Gallegos, 39, died at the scene. He worked at Highland High School in Salt Lake City, while serving as Cottonwood High's offensive line coach.
In exchange for his plea, prosecutors dropped misdemeanor speeding and traffic charges.
"I'm not asking for a slap on the hand," Molder told 3rd District Judge James Blanch. "I hope that one day [the Gallegos family] can forgive me for what I've done."
Molder said he woke up "every morning" with Gallegos on his mind and pledged to devote his life to treatment and speaking to others about the dangers of drunken driving.
"I know I can save a lot of people's lives and I can help other people," he said. "I think that's God's plan for me."
Debbie Gallegos, Michael Gallegos' wife, has avoided court hearings for most of the case, but said she decided to speak to Molder for the first time at his sentencing hearing because she wanted him to know the consequences of his actions. She told him of the emotional and financial burdens she and her young children were experiencing since Michael Gallegos' death.

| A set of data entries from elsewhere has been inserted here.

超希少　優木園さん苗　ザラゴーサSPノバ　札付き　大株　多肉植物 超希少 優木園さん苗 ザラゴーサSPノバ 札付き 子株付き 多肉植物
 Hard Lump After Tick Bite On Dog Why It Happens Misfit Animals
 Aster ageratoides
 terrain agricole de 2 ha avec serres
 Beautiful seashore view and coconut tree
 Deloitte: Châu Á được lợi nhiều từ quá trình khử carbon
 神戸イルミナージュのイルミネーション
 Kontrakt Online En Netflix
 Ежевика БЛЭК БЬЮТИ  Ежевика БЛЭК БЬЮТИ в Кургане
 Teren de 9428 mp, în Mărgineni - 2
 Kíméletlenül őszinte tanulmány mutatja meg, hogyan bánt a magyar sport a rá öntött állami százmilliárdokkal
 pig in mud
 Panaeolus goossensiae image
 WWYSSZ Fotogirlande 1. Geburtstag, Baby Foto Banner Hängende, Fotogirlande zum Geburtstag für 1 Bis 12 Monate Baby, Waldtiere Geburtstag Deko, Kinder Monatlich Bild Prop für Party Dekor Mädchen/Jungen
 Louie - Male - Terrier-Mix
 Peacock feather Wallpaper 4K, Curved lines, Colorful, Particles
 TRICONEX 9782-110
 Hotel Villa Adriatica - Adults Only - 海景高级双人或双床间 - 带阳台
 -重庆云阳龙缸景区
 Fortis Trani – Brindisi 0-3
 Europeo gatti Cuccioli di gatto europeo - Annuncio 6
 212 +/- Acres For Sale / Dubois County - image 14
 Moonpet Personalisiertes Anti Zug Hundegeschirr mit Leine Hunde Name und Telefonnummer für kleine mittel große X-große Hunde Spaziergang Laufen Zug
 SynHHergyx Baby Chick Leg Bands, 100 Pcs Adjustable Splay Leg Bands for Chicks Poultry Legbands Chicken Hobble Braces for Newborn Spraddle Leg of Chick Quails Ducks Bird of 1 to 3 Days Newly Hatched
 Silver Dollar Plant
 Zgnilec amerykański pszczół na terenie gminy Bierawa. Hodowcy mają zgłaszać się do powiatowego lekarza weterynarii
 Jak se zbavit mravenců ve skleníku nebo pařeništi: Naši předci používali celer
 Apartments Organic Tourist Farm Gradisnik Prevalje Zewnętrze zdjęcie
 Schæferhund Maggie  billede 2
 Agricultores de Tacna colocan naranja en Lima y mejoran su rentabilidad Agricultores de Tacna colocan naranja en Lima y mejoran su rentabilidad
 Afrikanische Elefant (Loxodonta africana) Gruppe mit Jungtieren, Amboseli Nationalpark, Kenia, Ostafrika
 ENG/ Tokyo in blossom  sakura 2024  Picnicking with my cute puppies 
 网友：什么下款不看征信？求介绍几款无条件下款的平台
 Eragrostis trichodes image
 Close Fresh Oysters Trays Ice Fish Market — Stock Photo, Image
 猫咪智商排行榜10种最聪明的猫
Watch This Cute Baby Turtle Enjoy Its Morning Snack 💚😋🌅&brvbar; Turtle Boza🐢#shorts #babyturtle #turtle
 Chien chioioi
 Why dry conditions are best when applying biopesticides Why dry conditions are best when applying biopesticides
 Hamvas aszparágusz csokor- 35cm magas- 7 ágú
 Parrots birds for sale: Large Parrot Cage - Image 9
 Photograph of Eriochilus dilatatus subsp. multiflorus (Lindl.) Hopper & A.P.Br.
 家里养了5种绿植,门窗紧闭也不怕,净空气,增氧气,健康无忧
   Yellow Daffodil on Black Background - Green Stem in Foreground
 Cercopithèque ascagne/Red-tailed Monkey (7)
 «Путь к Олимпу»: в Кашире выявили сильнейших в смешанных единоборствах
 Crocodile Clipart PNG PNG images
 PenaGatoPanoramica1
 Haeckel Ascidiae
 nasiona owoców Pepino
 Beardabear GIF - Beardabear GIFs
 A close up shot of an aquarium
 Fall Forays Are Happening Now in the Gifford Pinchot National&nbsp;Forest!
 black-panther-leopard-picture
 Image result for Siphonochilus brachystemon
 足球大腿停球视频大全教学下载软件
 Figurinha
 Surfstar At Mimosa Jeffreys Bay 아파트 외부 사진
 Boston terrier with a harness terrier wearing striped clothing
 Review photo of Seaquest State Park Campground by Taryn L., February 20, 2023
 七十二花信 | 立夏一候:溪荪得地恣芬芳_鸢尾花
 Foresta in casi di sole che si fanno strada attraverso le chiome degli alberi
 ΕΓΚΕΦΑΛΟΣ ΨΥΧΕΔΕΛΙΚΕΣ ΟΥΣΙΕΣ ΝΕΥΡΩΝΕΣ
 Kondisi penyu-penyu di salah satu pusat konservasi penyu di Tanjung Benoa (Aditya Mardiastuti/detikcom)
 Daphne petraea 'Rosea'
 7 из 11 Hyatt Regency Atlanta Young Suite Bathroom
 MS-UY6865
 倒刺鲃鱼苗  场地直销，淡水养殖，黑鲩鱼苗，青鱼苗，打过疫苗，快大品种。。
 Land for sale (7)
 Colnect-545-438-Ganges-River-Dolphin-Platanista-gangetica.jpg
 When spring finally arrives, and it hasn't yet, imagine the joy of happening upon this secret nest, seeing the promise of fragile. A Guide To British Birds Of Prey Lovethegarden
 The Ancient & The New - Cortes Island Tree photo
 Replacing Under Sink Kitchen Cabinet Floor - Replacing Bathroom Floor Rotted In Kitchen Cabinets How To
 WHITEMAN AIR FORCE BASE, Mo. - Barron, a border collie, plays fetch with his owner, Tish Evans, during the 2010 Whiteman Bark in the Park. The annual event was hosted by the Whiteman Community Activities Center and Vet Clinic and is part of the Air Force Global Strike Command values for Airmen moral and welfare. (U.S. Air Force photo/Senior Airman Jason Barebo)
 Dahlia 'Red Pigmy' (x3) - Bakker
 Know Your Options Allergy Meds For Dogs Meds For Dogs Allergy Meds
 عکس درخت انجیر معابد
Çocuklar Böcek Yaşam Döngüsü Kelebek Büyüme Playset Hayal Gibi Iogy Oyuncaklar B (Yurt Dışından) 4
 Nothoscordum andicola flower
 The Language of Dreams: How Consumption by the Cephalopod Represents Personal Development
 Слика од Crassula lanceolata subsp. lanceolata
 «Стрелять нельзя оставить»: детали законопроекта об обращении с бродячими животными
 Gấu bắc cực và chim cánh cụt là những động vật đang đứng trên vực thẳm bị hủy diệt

"Hundreds, if not thousands, of lives have been affected because of that one poor decision," Gallegos said.
Molder's parents, Tim and Tammie Molder, recounted how hard it was to hear of their son being called "monster" or "murderer." They implored the Gallegos family not to view him that way.
Blake Molder is "a kid who never had a traffic ticket who made a horrible mistake," Tammie Molder said through tears.
"My wife and I, we share as much guilt in this as Blake does, and I'm sorry," Tim Molder told the family.
How much time Molder spends in prison will be determined by the Board of Pardons and Parole. He also was ordered to pay restitution in an amount that will be determined later.
After the hearing, Debbie Gallegos said she has been able to forgive Molder, but believes the sentence is appropriate.
"I just want all parties involved to be able to heal," she said.